# Trail riding around Lake Como,Italy?



## caryacord (Oct 11, 2005)

We are doing a guided MTB trip to Chamonix with 10Fifty mountain biking in early Sept. (great outfit, did a trip with them 2 years ago and had a great time, highly recommended). We want to travel to Lake Como for our second week. Does anybody have any recommendations on where to stay in the area? We are traveling by train from Geneva to get there, and don't want to be to far from Milan for a day trip by train if possible. Would also like to be in an area accessible to some good rides. We are all advanced riders, and love long,rough,technical single track. If any other locations in the general area are better for riding, I'd be interested. We had heard that Como was a real pretty Lake, but have never been there, so any recommendations for towns, hotels, and trails are very appreciated.

Aloha,
Cary from California


----------



## 1 Speed (Jan 8, 2004)

Not sure about Como.
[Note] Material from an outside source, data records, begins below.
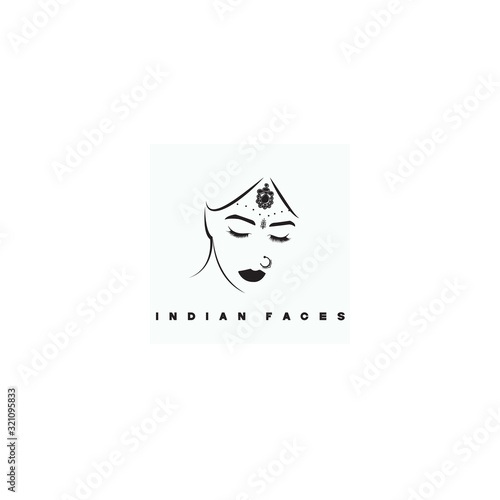  Illustration depicting a woman's face with Indian ornaments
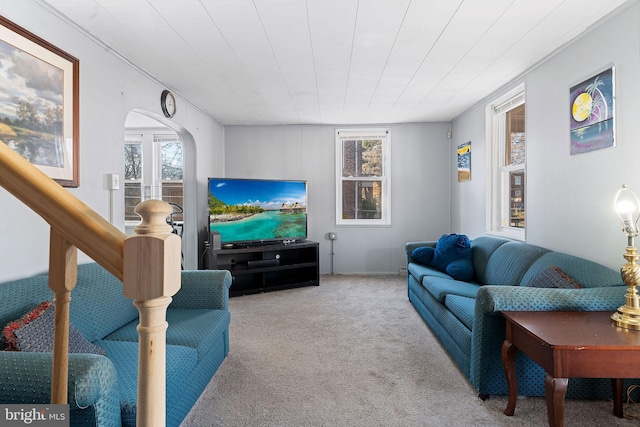 view of carpeted living room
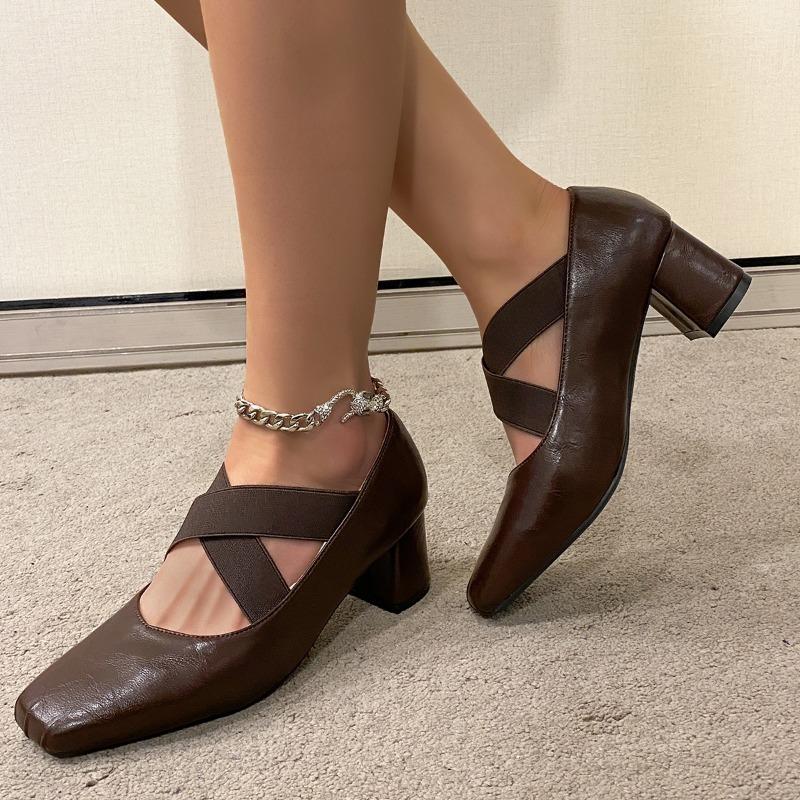 Fashion Women Pumps Thick Medium Heel Crossed Elastic Band Ballet Shoes Woman Vintage Square Toe Burgundy Pump Spring Autumn Heels Women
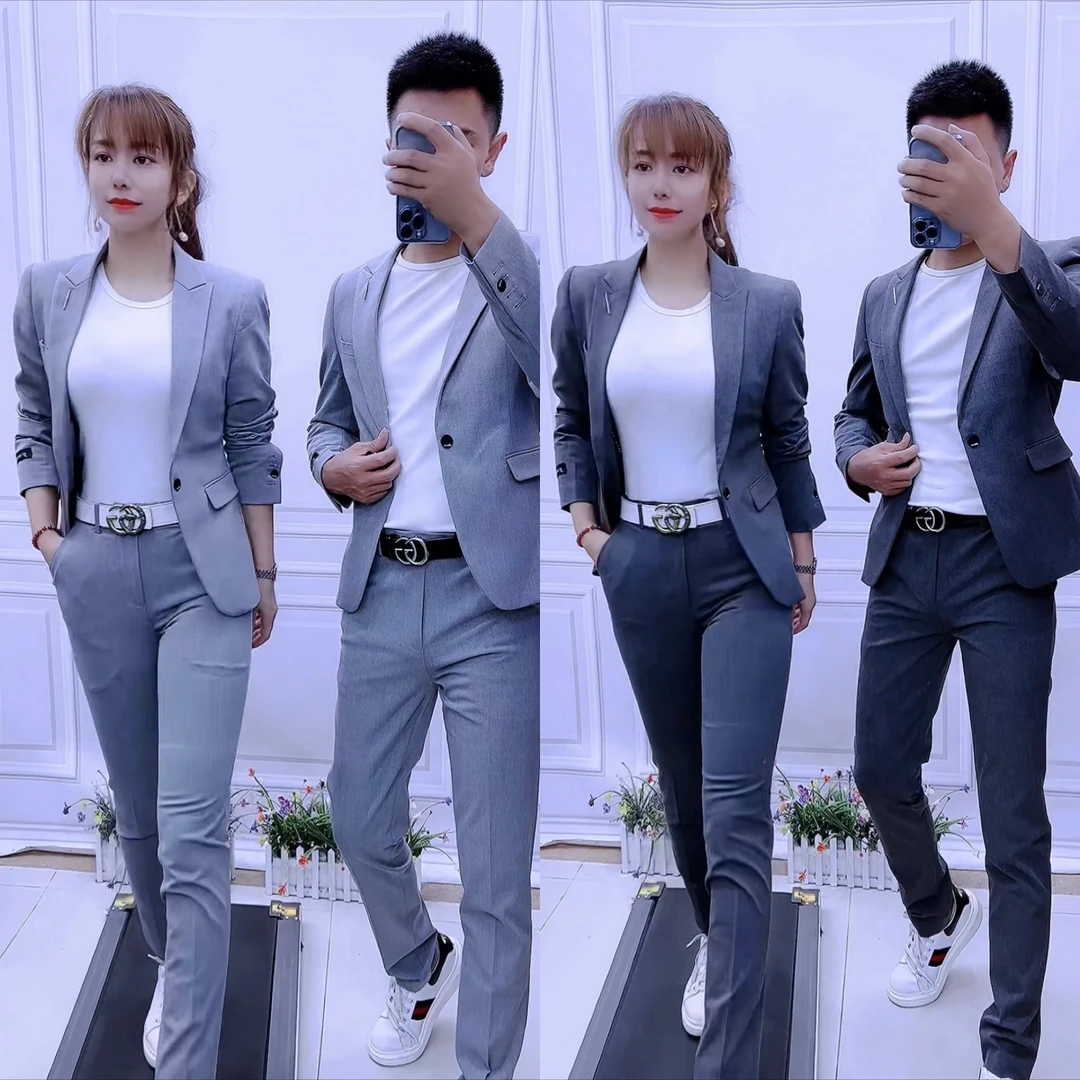 潮流英伦风气质修身休闲西服套装职业G56A正装秋季春秋小西装时尚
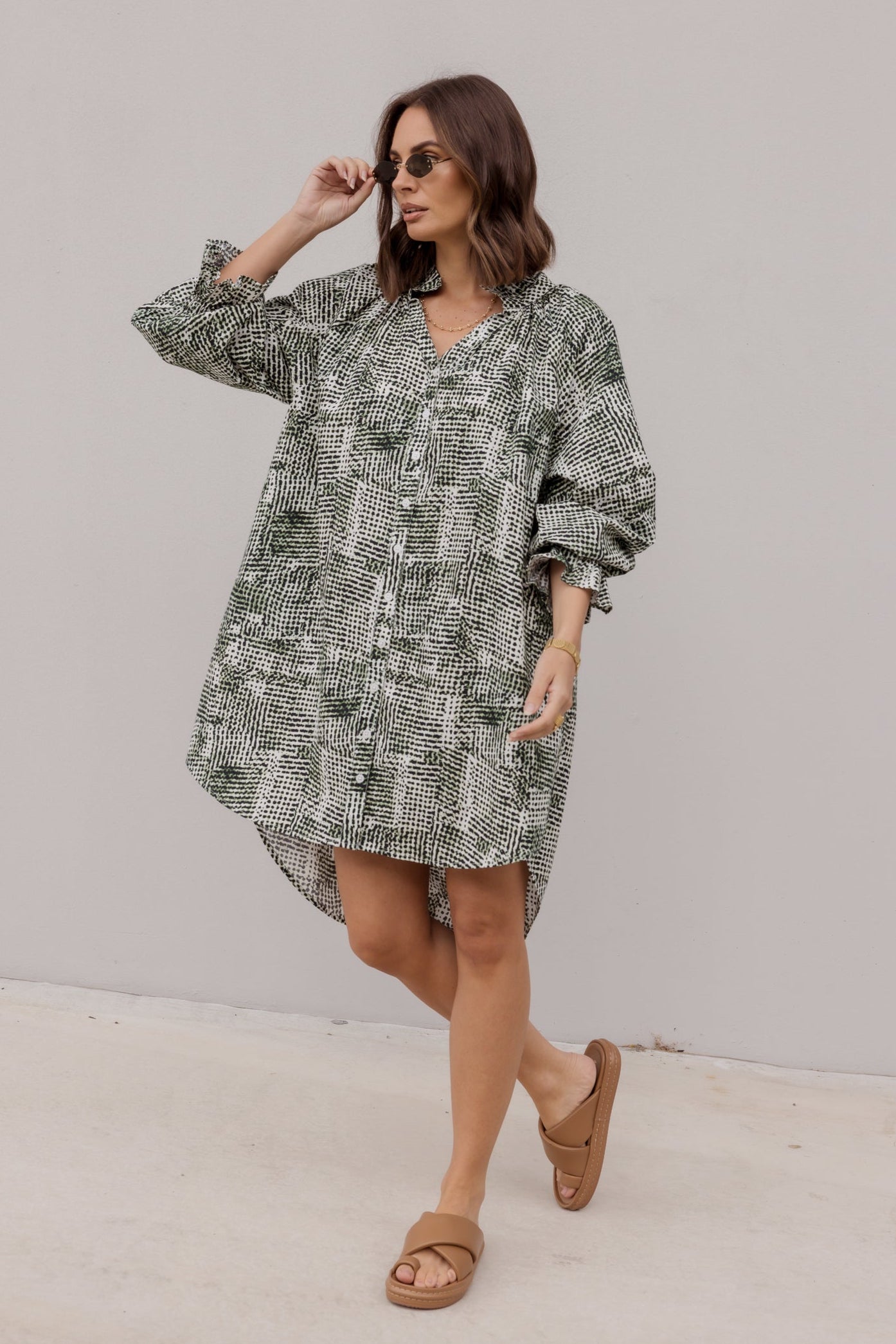 OLLIE Dress Emerald Textured Print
Garda, a couple of mountains to the East is one of the biggest mountain biking/outdoor sport Mecca's in the world. Check out the Moser guide series. If for some reason you end up at Garda, go to the North end. It's the most beautiful and that's where the good riding is.


----------



## fullsuspfuture (May 20, 2004)

*Nearby, Lugano*

Hi,
I haven't ridden exactly near lake como, but not far is Lugano area, I've found some nice singletrack. For example Capanna Pairolo to San Lucio to under Monte Bar.
Photos here:
http://mypage.bluewin.ch/ph_arnaud/bike/swiss/san_lucio_m_bar/san_lucio_m_bar.htm

The Swiss Singletrail Map - Ticino - Soto Ceneri shows this as mostly intermediate singletrack (red dots) there would be a lot more red and black (difficult) dots to try out - Monte Tamaro, Generoso to explore on that map.
http://www.singletrailmap.ch/catalog/singletrailmap/product_info.php?cPath=142&products_id=192

cheers,


----------



## drago (Mar 30, 2004)

try to contact these guys,pro-m.com,i guess they know everything about Como.


----------